Quarterly reports reveal winners and losers among platforms vying for advertising dollars in a tough climate.

Meta, Google, Apple and others reveal the messy state of digital advertising

A bevy of internet advertising financial reports, from the biggest names in digital media like Meta, Google and Amazon, have brought a deeper understanding of where the market sits today. And digital marketing has indeed hit hard times—some harder hit than others. Even Apple Chief Financial Officer Luca Maestri noted “pockets of weakness, primarily in digital advertising, that we will need to work through,” in an earnings call with analysts, and Apple barely relies on ad sales for its massive revenue machine. It generated $83 billion last quarter, mostly from device sales like iPhones.

In the past two weeks, Twitter, Snap, Meta, Google, Spotify, Amazon, Apple and Roku reported results offering insights into ads on websites, apps, audio and connected TVs. All companies noted that there are “macro-economic” challenges, such as inflation and signs of recession.
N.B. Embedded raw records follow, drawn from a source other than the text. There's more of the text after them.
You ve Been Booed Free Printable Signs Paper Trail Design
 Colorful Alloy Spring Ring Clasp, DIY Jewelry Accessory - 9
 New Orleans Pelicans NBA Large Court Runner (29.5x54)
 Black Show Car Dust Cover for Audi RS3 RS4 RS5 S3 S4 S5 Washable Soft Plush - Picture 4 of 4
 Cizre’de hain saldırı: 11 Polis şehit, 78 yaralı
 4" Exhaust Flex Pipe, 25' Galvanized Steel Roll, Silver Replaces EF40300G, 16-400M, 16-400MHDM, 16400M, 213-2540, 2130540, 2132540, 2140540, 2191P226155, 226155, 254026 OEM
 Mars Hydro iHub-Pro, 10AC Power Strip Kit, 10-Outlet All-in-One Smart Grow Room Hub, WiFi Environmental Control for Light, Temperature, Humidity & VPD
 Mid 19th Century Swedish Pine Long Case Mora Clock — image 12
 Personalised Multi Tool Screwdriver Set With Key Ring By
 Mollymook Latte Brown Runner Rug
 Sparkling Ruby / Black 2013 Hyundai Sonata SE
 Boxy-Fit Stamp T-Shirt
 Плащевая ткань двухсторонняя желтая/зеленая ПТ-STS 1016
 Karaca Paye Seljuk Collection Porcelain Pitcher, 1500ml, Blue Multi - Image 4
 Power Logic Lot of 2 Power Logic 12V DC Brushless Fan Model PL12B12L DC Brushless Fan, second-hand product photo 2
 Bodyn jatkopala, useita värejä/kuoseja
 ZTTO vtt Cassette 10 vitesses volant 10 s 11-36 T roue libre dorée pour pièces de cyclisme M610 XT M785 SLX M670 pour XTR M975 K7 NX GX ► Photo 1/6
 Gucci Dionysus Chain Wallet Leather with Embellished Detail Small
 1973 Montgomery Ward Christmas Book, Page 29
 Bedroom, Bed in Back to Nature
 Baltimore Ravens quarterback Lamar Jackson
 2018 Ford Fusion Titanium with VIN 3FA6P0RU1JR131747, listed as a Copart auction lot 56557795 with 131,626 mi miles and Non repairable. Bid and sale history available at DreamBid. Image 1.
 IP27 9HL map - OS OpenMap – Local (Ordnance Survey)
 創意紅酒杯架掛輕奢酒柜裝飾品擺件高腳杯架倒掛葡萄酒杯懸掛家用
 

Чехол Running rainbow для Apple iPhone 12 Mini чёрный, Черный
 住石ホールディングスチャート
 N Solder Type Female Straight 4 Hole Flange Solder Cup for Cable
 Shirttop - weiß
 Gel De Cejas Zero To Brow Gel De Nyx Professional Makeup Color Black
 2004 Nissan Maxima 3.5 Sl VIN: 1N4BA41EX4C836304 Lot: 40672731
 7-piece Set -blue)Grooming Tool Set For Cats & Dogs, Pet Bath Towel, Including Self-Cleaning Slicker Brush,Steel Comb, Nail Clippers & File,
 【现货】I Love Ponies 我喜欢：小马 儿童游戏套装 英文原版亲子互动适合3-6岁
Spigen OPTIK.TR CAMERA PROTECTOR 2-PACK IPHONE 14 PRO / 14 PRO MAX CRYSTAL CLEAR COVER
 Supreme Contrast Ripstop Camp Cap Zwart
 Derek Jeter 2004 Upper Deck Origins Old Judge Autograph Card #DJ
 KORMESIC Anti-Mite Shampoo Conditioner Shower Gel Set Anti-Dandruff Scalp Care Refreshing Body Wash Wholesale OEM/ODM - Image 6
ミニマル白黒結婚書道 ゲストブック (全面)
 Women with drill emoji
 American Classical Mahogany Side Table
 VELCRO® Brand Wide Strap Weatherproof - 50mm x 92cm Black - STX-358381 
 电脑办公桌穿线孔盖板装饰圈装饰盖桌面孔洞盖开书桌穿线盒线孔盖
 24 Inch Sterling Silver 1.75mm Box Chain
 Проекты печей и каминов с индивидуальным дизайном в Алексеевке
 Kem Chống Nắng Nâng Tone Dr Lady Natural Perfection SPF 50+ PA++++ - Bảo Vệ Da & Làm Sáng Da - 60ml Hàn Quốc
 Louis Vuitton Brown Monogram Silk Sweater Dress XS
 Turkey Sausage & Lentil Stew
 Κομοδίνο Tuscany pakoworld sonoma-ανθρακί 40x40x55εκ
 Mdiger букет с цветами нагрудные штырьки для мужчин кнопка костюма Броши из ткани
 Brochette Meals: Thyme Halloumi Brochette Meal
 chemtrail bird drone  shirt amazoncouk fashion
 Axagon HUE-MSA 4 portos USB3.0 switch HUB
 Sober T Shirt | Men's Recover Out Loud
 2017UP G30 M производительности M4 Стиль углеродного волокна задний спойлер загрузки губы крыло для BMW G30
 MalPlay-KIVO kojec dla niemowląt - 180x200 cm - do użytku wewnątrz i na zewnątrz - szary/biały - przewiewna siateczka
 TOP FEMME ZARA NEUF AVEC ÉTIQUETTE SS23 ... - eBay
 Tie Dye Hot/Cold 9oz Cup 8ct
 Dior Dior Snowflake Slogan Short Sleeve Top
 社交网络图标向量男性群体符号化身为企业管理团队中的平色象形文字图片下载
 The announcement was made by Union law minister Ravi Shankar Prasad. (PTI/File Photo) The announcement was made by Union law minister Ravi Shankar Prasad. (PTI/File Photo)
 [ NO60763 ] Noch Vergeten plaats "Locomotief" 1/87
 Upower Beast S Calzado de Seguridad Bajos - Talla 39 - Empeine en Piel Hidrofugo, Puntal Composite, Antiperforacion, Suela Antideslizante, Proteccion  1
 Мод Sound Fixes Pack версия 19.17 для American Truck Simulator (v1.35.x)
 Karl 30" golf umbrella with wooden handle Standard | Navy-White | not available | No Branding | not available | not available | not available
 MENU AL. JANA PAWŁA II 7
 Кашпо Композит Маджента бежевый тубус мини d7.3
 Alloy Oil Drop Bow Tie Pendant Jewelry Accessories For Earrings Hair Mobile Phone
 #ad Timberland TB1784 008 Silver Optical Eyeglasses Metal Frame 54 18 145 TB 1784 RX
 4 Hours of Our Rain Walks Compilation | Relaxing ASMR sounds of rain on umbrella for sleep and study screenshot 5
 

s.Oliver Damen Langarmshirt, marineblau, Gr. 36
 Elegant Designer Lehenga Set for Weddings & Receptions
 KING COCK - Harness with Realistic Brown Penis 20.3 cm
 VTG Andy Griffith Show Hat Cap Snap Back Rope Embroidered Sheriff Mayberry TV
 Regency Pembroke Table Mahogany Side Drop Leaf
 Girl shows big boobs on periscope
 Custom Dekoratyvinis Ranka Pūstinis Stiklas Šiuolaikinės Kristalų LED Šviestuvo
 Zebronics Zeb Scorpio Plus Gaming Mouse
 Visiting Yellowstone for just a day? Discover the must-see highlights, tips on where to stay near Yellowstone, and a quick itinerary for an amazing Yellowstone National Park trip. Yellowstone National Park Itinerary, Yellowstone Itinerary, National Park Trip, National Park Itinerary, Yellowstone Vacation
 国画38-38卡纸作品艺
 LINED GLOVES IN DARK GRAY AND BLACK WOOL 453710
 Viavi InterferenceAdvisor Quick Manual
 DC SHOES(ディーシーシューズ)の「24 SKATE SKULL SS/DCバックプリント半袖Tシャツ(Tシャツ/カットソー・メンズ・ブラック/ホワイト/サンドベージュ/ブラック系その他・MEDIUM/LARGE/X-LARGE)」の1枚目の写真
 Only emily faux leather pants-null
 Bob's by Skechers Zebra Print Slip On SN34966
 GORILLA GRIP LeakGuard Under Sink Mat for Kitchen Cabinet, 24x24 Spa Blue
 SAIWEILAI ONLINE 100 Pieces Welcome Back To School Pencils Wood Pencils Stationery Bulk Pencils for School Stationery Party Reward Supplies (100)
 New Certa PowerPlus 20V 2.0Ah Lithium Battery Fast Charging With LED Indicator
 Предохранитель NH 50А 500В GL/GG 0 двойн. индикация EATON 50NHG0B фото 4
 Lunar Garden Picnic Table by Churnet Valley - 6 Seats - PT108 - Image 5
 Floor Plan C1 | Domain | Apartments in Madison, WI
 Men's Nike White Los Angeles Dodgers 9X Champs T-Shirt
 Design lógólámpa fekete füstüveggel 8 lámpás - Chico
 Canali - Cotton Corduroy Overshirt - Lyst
Each of the major digital ad platforms have unique challenges in this new environment, including how they are coping with the changes that Apple has made to iPhones and its software, making it harder to track consumers online. Apple’s anti-tracking policies have made it harder for performance marketers, that use targeted ads to drive sales and downloads. Meanwhile, Twitter is dealing with totally unrelated uncertainty since it got into a battle for control of the company with billionaire Elon Musk, whom the company is suing to make good on a deal to buy Twitter for $44 billion.  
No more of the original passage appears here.